Templar Real Estate Radio Show Transcripts 1-02-2021

Learn about Real Estate by one of the premier Real Estate Investors in New Jersey. Each week Joseph J. Zoppi will be talking about investing in real estate including buying and selling houses and apartments. Understand how the economy, the Fed and world events impact real estate and how to adjust to these dynamics.

Templar Real Estate Radio Show for January 2, 2020

START OF RECORDING:

The following program was paid for by Templar Real Estate. The views and opinions expressed on this program are not necessarily those of the staff and management of WMTR.  As always, it is advisable to consult a professional before making a major decision.

It’s time now for the Templar Real Estate Talk Show. Here’s your host for the program, Joseph J. Zoppi.

Joseph J. Zoppi:

Hello, welcome to the Templar Real Estate Talk Show, my name is Joseph J. Zoppi, a real estate investor, consumer advocate, author, and managing partner of Templar Real Estate Enterprises. You could reach us at templarcashforhouses.com, that’s T-E-M-P-L-A-Rcashforhouses.com, that’s one word, or you could call us at 973-240-8593. Again, that’s 973-240-8593 and we could answer any questions you may have, or you could email us from our website and we could respond to any questions you have. If you want anything discussed on the radio show, we’d be more than happy to do it if we could fit it in.
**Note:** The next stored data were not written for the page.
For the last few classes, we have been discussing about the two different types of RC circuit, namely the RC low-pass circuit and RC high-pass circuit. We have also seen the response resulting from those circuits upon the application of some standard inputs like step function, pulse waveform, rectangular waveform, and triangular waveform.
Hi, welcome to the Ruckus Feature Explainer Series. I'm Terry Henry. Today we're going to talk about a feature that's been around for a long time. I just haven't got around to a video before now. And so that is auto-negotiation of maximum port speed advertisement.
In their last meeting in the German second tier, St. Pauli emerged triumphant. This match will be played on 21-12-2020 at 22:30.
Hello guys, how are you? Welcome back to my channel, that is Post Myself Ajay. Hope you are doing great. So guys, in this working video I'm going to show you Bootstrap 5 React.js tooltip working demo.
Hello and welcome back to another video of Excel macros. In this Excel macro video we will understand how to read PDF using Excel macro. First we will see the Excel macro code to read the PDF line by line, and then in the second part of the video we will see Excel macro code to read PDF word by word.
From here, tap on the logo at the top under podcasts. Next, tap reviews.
For first-time listeners, my company is a real estate investment firm, we buy houses for cash, we purchase apartment buildings, we do joint ventures with other real estate investors, we loan money for rehabs and provide transactional or gap funding. We work with individuals that want to invest with us in single-family houses up to apartment buildings. We do not speculate, we’re very protective of our money and our investors’ money. I’m not a real estate agent and we’re not a brokerage but I have individuals that are on staff that can sell your house through the traditional Multiple Listing Service.
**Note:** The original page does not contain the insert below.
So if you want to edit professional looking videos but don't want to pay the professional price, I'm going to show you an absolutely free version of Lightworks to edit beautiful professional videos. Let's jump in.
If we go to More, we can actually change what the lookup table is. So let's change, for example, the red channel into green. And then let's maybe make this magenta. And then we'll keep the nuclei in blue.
This show will go through everything there is about real estate, those things that impact real estate, we’ll talk about our rehabs, some of our investments, what went well, what did not go well, and how we overcame those issues. We’ll talk about the economy and interest rates, we’ll discuss trends in the real estate market. Real estate is one of your biggest investments, so the more you know about real estate, it’ll help you out in the end.
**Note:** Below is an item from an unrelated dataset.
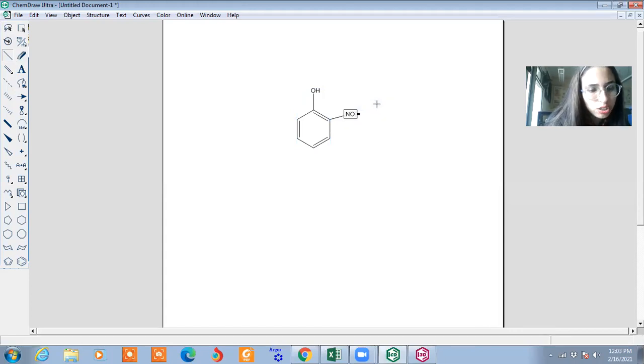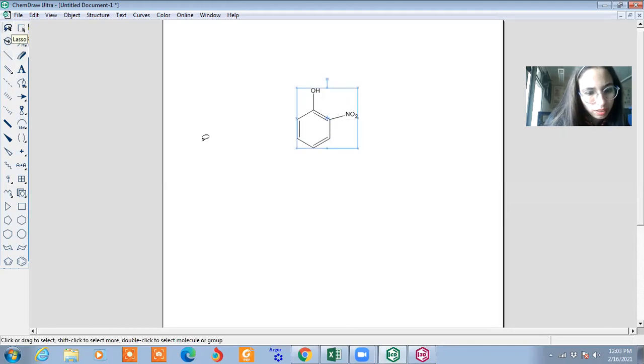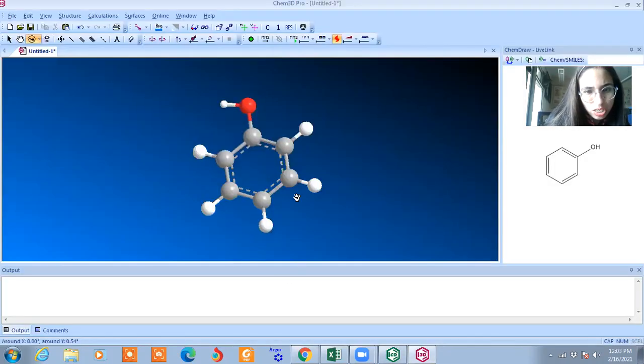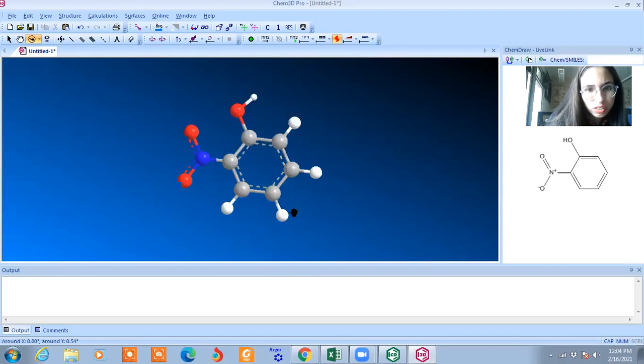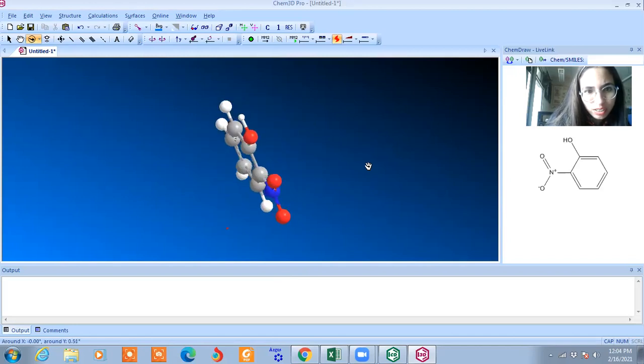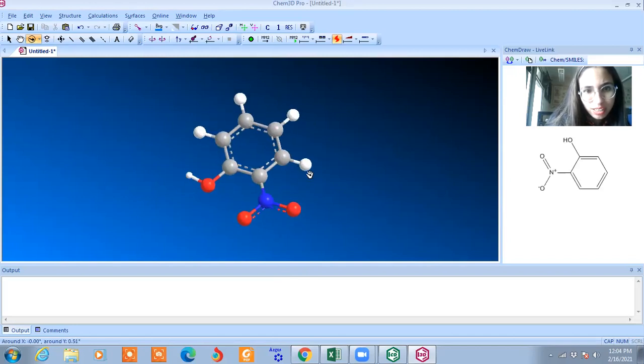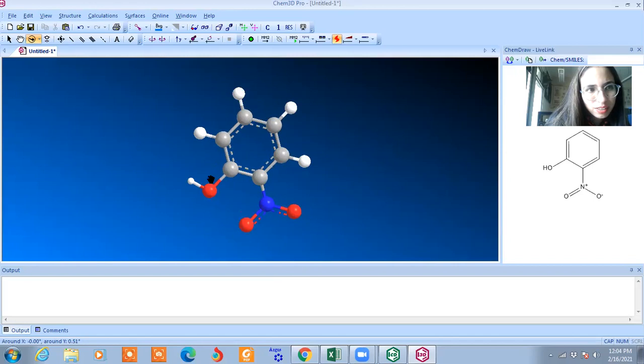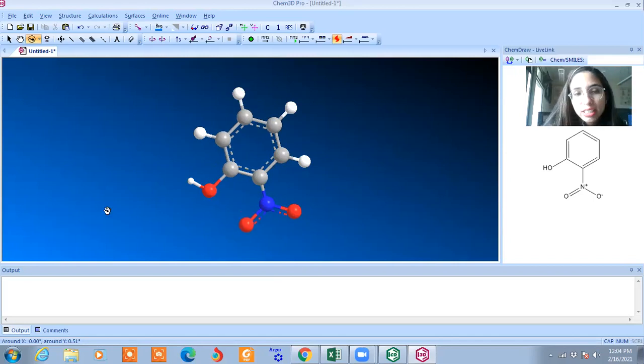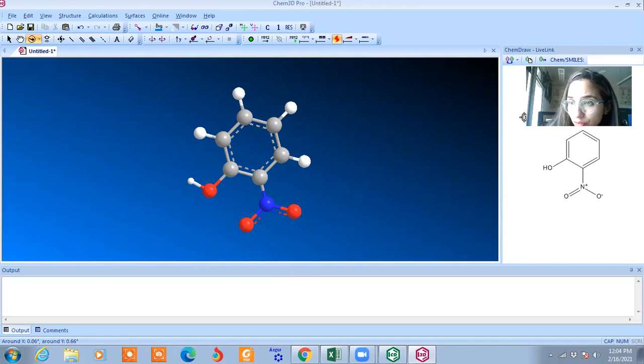I'll draw here nitrile. Just copy the same and paste it on the screen. Now you can see, this is 3D. This is all about 2D. Now you can see, this one is 2D.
I will provide you with my opinion, it’s only my opinion. I ask everyone to do research. That’s one of the biggest things I harp on and I want to plead on people to do. Like I always say, on the Internet, there’s lots of opinions and sometimes, it’s hard to ferret out what’s good and what’s not good. It’s a big challenge and it’s not an easy task. No matter what you do or what you’re looking up, we were looking up an air fryer for my son, he wanted one, and by the time I looked at all the reviews, I had no idea. It sounded like all of them were lousy even though a lot of them got good reviews, so it’s very, very difficult because you really don’t know, the one individual might say it’s making a lot of noise, another one says this, another one says that, I think we got a good one, but again, we’ll see, but at least you could get some information on it. I think it’s just a bunch of trading off, nothing’s going to be perfect and that’s just the way it is. Another example is for refrigerators and we buy refrigerators for our flips but you start reading these things and you’re like, well, I don’t know if I’d want to buy it and it seemed like every one I’ve looked at, they’ve all had challenges between water leaking to not cooling, to making too much noise, so like I said, do your research, I always say ask for references but ask lots of questions. If you’re getting a reference from someone for anything, ask a lot of questions and always ask, one of the questions you always gotta ask is what don’t you like about something? And I think that’s a big thing instead of how do you like the service? How do you like that person? How do you like the product? It’s like, what don’t you like about it, and I think that sometimes will ferret out additional questions and concerns. So again, try to ask the right questions.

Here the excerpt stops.